**YOUR OBJECTIVE:** With pictures left out, output exactly the lines of the listing below from the line that has "adoptable Cat in dallas, TX named NALA" to the line that has "35 Deer Resistant", both lines kept.

(RECORD SET)

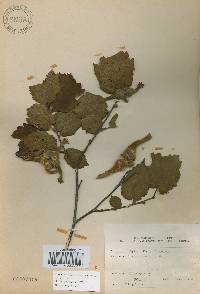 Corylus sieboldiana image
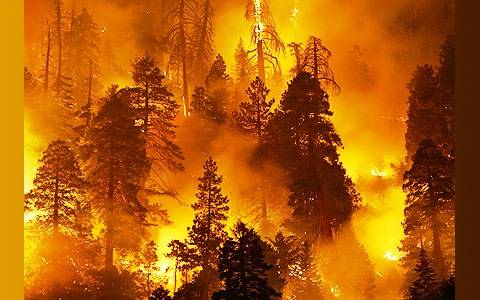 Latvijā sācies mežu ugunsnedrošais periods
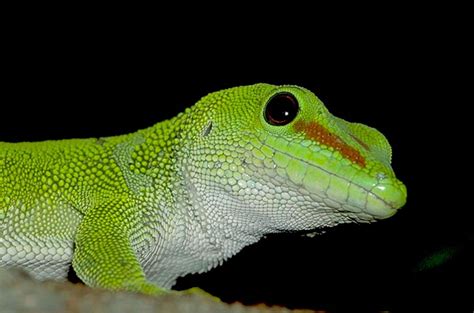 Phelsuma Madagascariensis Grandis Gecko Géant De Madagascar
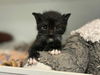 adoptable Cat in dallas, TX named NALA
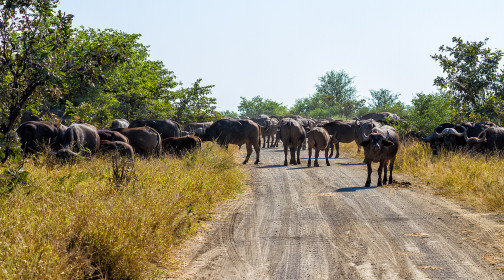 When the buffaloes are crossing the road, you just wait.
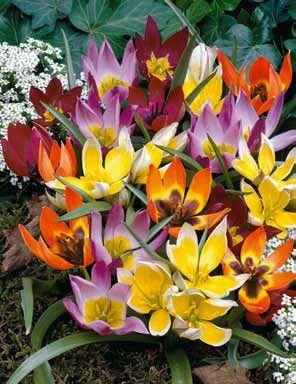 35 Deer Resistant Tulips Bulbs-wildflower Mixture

(End RECORD SET)
(RECORD SET)

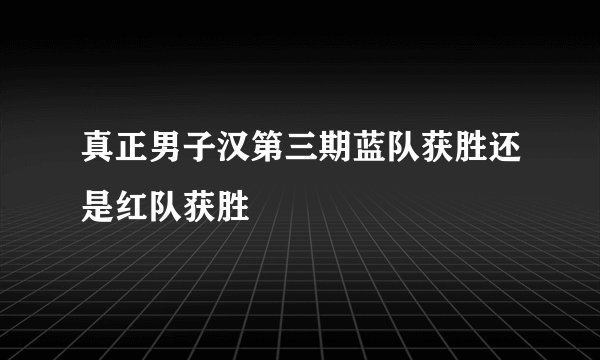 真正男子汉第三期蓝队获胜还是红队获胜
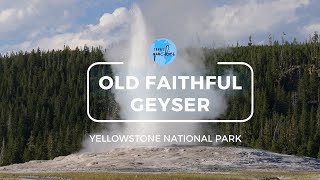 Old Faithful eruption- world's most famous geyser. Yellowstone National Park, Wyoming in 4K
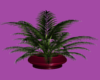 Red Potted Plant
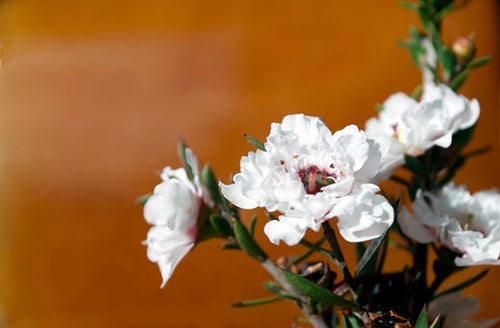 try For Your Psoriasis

(End RECORD SET)
(RECORD SET)

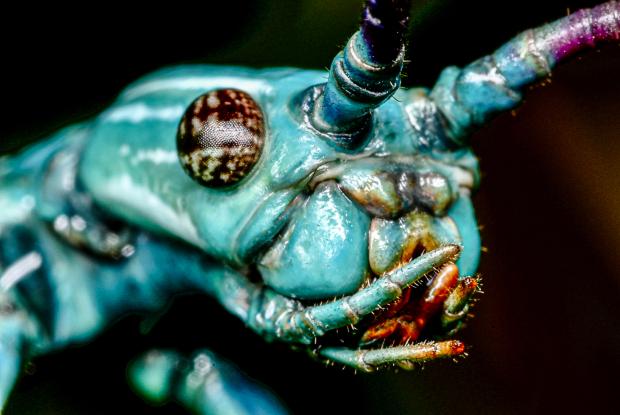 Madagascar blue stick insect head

(End RECORD SET)

**SOLUTION TO THIS TASK:**
 adoptable Cat in dallas, TX named NALA
 When the buffaloes are crossing the road, you just wait.
 35 Deer Resistant Tulips Bulbs-wildflower Mixture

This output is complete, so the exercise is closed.